# Work to complete:
Return the whole of the data exactly.

# Exercise input:
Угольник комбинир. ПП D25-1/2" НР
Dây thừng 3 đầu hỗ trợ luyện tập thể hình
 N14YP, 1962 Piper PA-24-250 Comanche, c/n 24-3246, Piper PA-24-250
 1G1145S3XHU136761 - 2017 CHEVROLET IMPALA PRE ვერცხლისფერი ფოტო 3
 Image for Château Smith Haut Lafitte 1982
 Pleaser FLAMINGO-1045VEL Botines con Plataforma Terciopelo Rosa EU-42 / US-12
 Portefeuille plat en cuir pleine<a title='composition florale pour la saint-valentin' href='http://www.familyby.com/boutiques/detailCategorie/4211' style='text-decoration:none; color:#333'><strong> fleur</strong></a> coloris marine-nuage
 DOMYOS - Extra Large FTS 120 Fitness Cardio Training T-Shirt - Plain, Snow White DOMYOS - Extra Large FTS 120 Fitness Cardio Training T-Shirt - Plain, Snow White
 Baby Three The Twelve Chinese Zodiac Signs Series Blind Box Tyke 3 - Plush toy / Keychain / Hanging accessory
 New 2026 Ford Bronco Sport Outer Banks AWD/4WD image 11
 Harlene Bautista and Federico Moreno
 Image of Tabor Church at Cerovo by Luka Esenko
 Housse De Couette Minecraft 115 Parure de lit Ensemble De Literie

# Reply:
Угольник комбинир. ПП D25-1/2" НР
Dây thừng 3 đầu hỗ trợ luyện tập thể hình
 N14YP, 1962 Piper PA-24-250 Comanche, c/n 24-3246, Piper PA-24-250
 1G1145S3XHU136761 - 2017 CHEVROLET IMPALA PRE ვერცხლისფერი ფოტო 3
 Image for Château Smith Haut Lafitte 1982
 Pleaser FLAMINGO-1045VEL Botines con Plataforma Terciopelo Rosa EU-42 / US-12
 Portefeuille plat en cuir pleine<a title='composition florale pour la saint-valentin' href='http://www.familyby.com/boutiques/detailCategorie/4211' style='text-decoration:none; color:#333'><strong> fleur</strong></a> coloris marine-nuage
 DOMYOS - Extra Large FTS 120 Fitness Cardio Training T-Shirt - Plain, Snow White DOMYOS - Extra Large FTS 120 Fitness Cardio Training T-Shirt - Plain, Snow White
 Baby Three The Twelve Chinese Zodiac Signs Series Blind Box Tyke 3 - Plush toy / Keychain / Hanging accessory
 New 2026 Ford Bronco Sport Outer Banks AWD/4WD image 11
 Harlene Bautista and Federico Moreno
 Image of Tabor Church at Cerovo by Luka Esenko
 Housse De Couette Minecraft 115 Parure de lit Ensemble De Literie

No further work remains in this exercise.